Both endorsements still hold the ring of truth. Ever since I added it to my reference shelf, it’s been my go-to source for SF-related research. Its editors include Peter Nicholls (general); John Clute (associate); Carolyn Eardley (technical); and Malcolm Edwards and Brian Stableford (contributing). Of course there’s a checklist of contributors beyond the official editing roster—a book of this size and scope requires a small army to compile—but I won’t repeat it here. Suffice to say it’s long, impressive, and any person listed deserves our thanks for bringing this encyclopedia to life.

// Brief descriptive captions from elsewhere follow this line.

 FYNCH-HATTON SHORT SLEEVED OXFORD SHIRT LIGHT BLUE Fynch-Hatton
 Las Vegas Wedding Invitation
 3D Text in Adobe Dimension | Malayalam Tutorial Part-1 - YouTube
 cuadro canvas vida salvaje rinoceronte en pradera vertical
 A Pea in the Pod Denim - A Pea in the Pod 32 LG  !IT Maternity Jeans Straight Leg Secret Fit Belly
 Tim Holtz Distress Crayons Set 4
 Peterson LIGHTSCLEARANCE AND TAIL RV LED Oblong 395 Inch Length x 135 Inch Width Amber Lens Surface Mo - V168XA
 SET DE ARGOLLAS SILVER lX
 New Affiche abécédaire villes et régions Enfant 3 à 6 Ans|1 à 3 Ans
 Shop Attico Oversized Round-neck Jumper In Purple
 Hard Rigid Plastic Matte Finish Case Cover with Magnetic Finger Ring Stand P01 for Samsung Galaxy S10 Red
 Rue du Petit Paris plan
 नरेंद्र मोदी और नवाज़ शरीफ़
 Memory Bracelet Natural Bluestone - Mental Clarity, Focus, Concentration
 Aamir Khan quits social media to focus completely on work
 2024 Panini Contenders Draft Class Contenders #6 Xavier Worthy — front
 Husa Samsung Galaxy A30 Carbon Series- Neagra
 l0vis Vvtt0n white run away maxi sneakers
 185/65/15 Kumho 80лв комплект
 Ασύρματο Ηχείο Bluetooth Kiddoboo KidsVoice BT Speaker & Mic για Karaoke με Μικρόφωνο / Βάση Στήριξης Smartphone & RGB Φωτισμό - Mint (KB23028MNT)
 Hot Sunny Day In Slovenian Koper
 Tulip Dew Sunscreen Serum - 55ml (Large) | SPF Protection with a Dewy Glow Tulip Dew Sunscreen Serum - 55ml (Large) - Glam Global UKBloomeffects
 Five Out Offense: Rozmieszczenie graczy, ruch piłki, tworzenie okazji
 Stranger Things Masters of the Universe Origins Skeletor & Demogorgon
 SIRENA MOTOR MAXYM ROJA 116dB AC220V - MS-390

The book includes only a few pages of orientation, covering seven topics:
Introduction Background on the size and scope of the project. It’s built on its predecessors, but the team strove to research their topics from original sources whenever possible to ensure accuracy as best they could. The focus is SF—authors, themes, films, magazines, illustrators, editors, critics, film-makers, publishers, pseudonyms, series, television, original anthologies, comics, countries in addition to the Anglo-American works which dominate the volume, terminology, awards, fanzines, and finally miscellanea such as conventions, fandom and fan language (aka jargon). Fantasy writers who have been important influences within the SF field are included. “This work is not only an Encyclopedia of sf, but also a comprehensive history of and commentary on the genre.”
How to Use this Book Details of the alphabetical rules; bibliographical inclusion and exclusion guidelines; and other important rules are clearly explained.
Checklist of Contributors A key to each author’s entries which are indicated by their initials, and a little background on each of them.
Checklist of Themes Beginning with “Absurdist SF” and ending with “Women.” “We have included 175 theme entries, each consisting of a short essay . . . discussing the importance of the theme in sf and the history of modern thought generally, and the variety of ways in which it has been treated over the years.”
Checklist of Abbreviations and Picture Credits
Of the book’s 672 pages, 658 are devoted to content. A quick page-averaging count calculates about 4,500 entries. In today’s age of info access online, The Encyclopedia of Science Fiction book is far less valuable than it was in the last century, superseded by its online version (sf-encyclopedia.com, now with 16,700+ entries), the Internet Speculative Fiction Database (isfdb.org), and even Wikipedia. However, the book version remains easy to use, comprehensive, and is often the best starting point researching a given topic or author. It’s also more fun to browse than the web—and easily as distracting.